Name Mangling & Linking — Hands-On Tasks¶
Topic: Name Mangling & Linking
Introduction¶
You do not understand name mangling and linking until you have seen the symbols with your own eyes — folded, hidden, duplicated, versioned, demangled. This page is a lab. Every task is something you run in a terminal with gcc/g++/clang, nm, c++filt, objdump, readelf, and (where you have it) rustc/rustfilt. The goal is to build muscle memory for the everyday moves: decode a mangled name by eye, reproduce an undefined reference and fix it with extern "C", watch the linker fold weak symbols, control visibility, and provoke the silent ODR violation that no error message will warn you about.
Work top to bottom. Warm-Up gets you fluent with the inspection tools. Core makes you reproduce and fix the two errors that dominate real linking, plus visibility control. Advanced takes you into folding, ODR, and symbol versioning. The Capstone ties it together by building and locking down a real cross-language shared library. Each task has a Self-check (how to know you succeeded), most have a Hint, and the harder ones have a Sparse solution — a sketch, not a copy-paste answer. Type the commands; reading them is not the same as running them.

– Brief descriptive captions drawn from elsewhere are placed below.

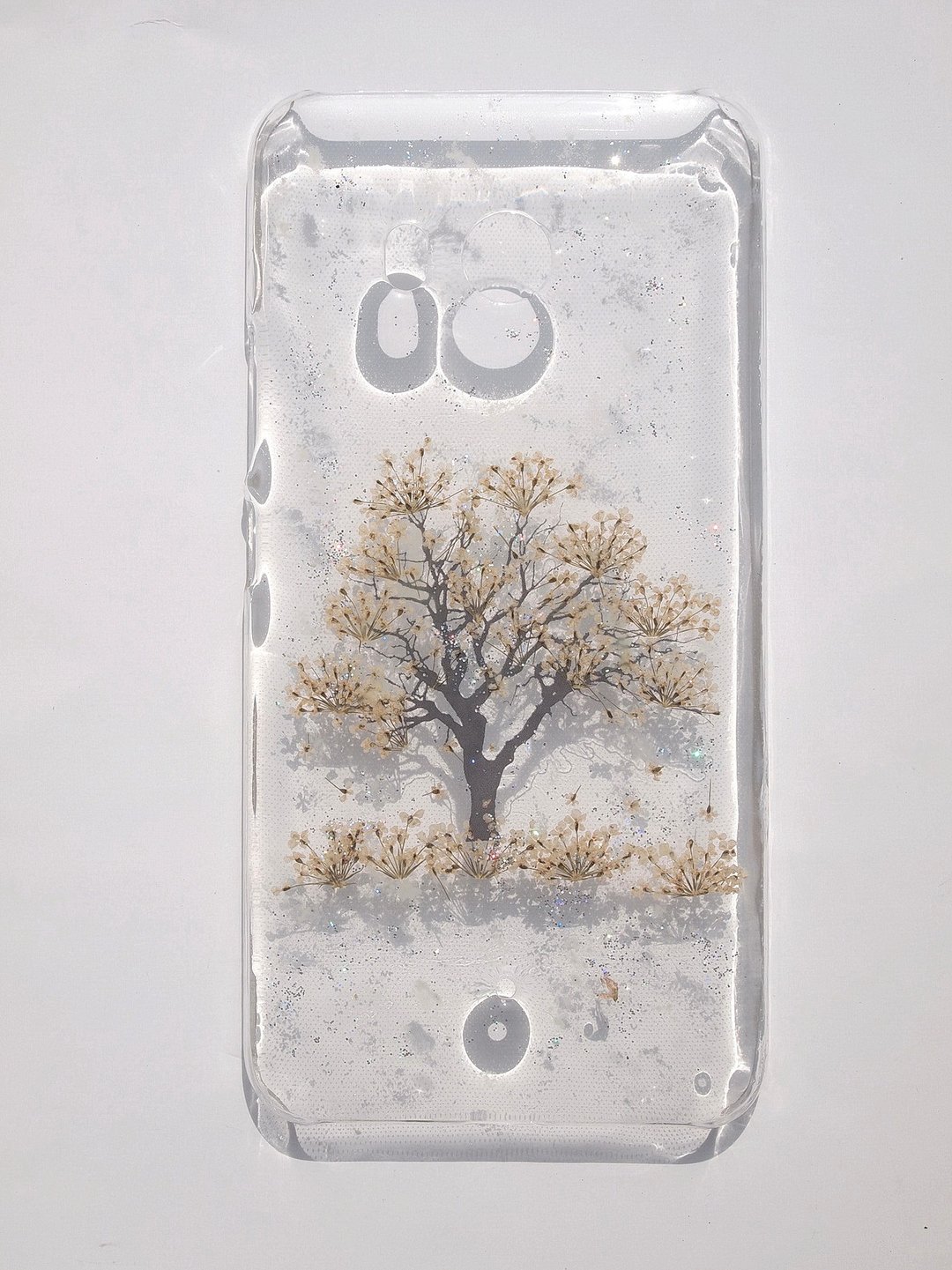 Anny's workshop手作押花手机保护壳，适用于HTC 11，冬日 (现货) - 手机壳/手机套 - 塑料 白色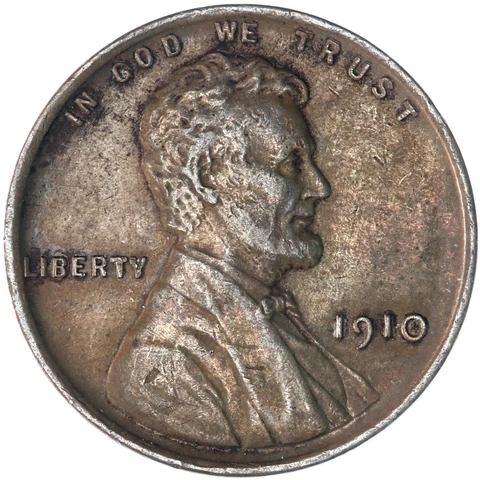 1910 (P) Lincoln Wheat Cent Extra Fine Penny XF See Pics Z678 Cover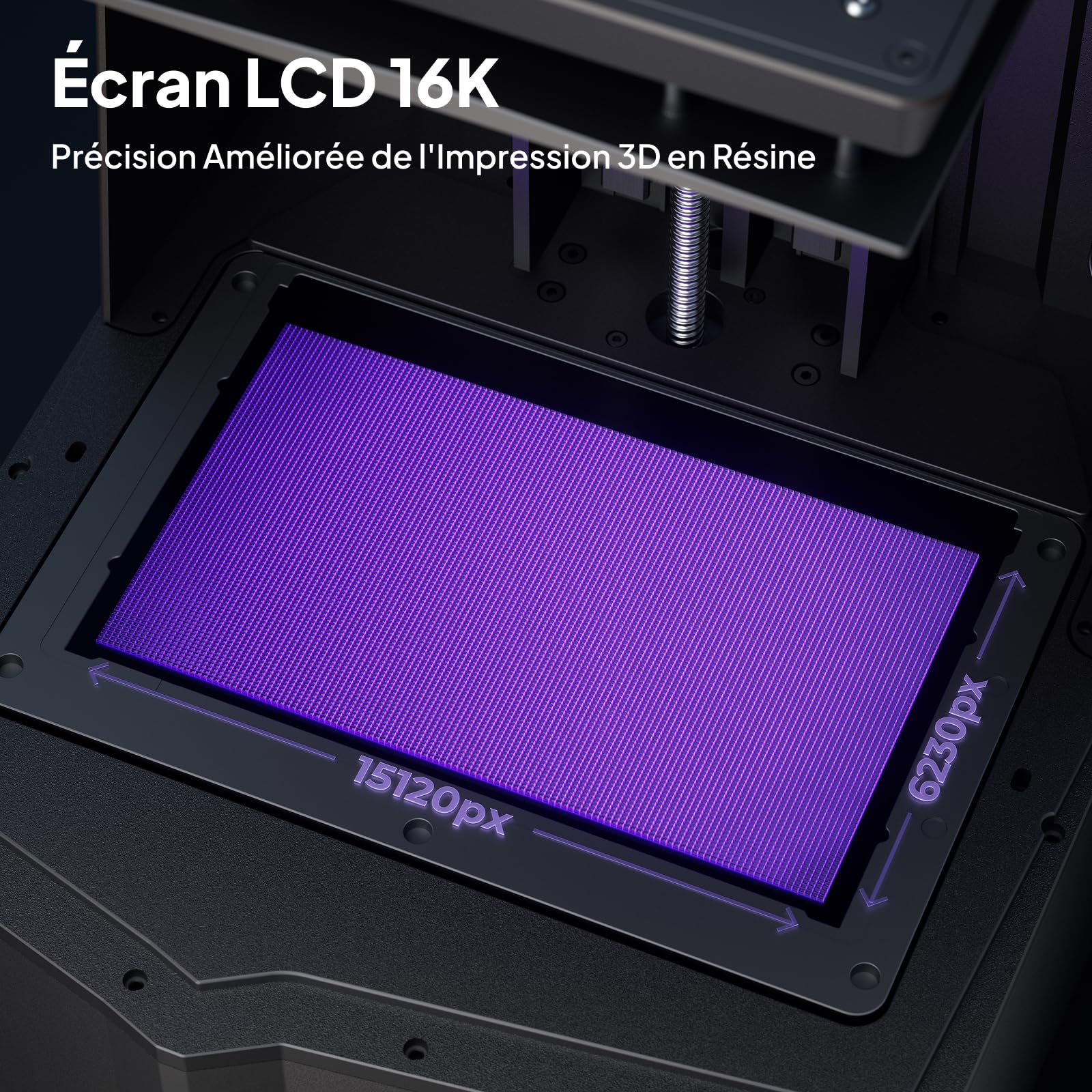 ELEGOO Saturn 4 Ultra 16K Imprimante 3D Résine avec Couvercle Rabattable, Chauffage Intelligent du Réservoir à 30 °C, Haute Vitesse 150 mm/h, Grand Format d'impression de 211,68 × 118,37 × 220 mm³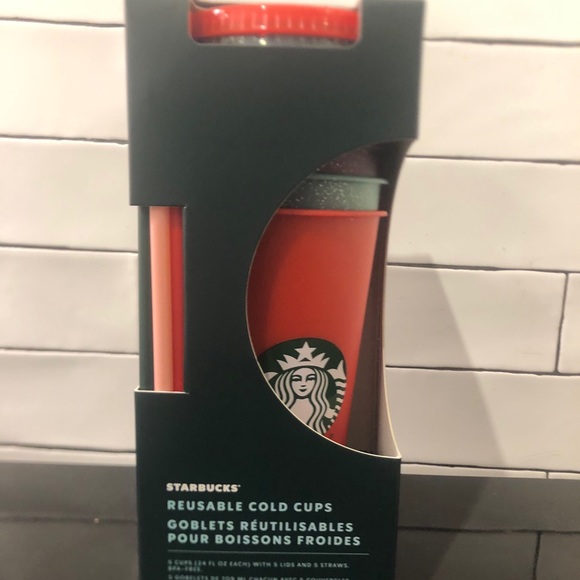 Starbucks Holiday ‘20 Limited Ed Reusable Cold Set - Picture 2 of 5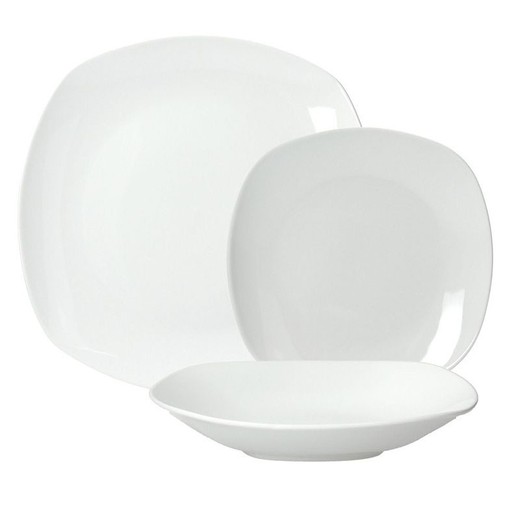 18-Piece Blank Porcelain Dinnerware Set | Splendor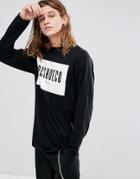 Dc Shoes Long Sleeve T-shirt With Squareside Logo - Black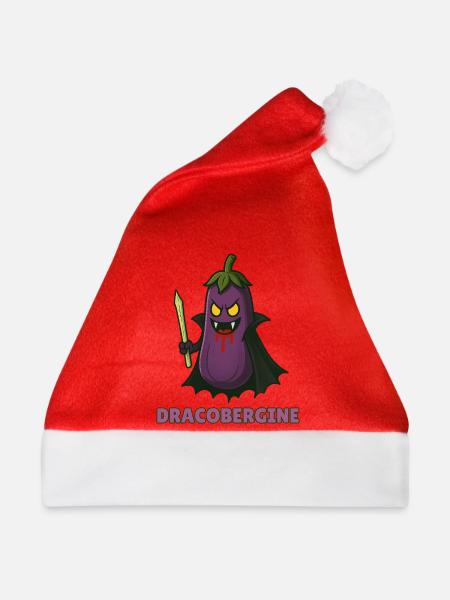 Lustige Gemüse Monster – Halloween Spaß - Weihnachtsmütze - Rot
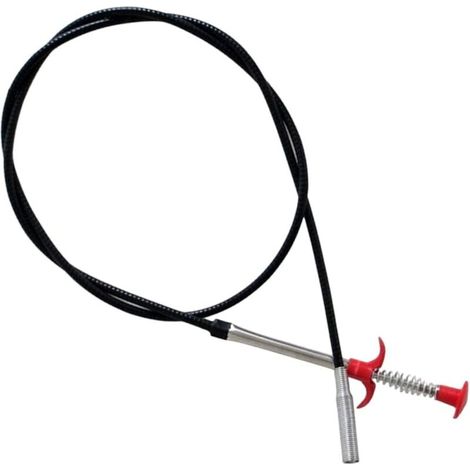 Pince de pression pour tige de nettoyage de canalisations pour égouts 1,6 m (1/5)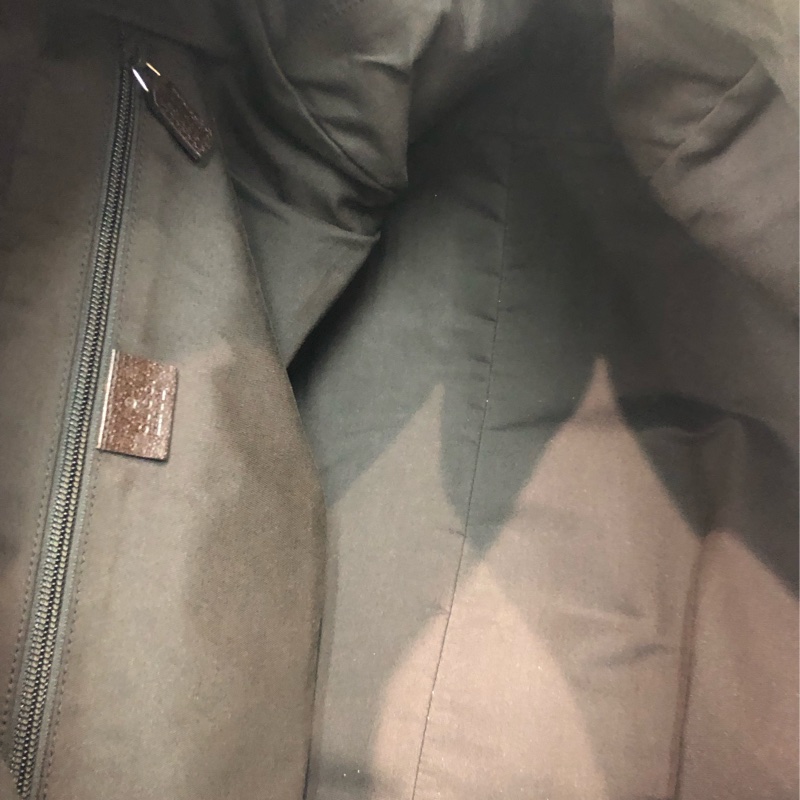 Gucci 布面經典老花 紅綠布帶 旅行袋 XB391-23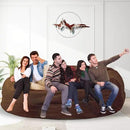 Bean Bag Chair for Adults 8FT,Soft Removable Cover for Teens/Girls Bedroom,Fluffy Giant Round Floor Beanbag Lounger Chairs (No Filler,Deep Coffee) by CozyNest Decor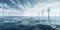 Turbine power environment energy landscape wind windmill offshore electricity clean ocean renewable eco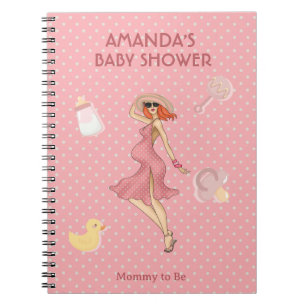 Retro Mammy Rode 2 Baby Borrel Notitieboek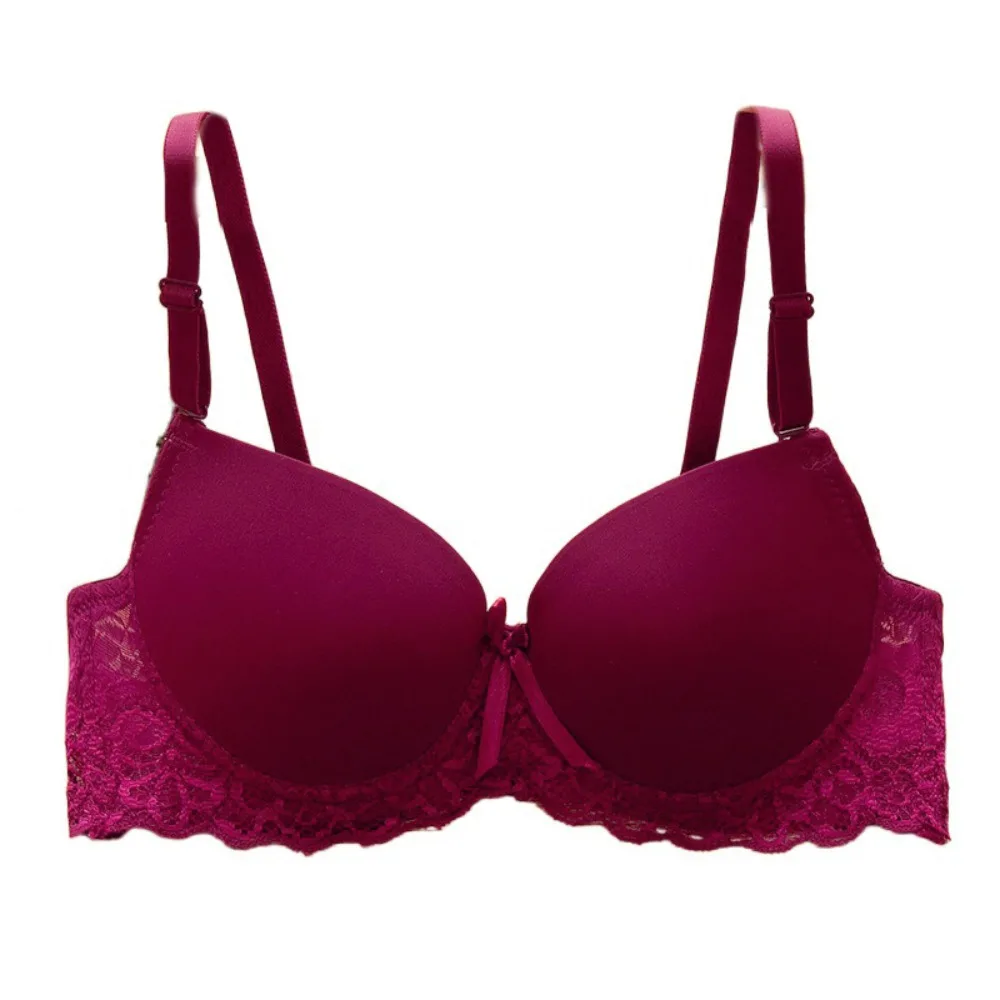 

Adjustable Mesh Lace Deep V Bra Shockproof Lingerie Underwear Women Intimates Sweet Push Up Bras Girl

A note on platform: the examples assume Linux/ELF with GNU binutils, the most instructive environment. macOS (Mach-O) and Windows (PE/MSVC) differ in tool names (undname, dumpbin, otool) but the concepts transfer; where a task is ELF-specific it says so.
Warm-Up¶
Task W1 — Demangle by eye, then check with the tool¶
Without running anything, work out what these Itanium symbols mean, then verify:
Self-check: Run echo '<symbol>' | c++filt for each and compare to your guess. You should get foo(int), bar(char const*), foo::bar(int), app::Engine::Engine(), and add(int, double, void*).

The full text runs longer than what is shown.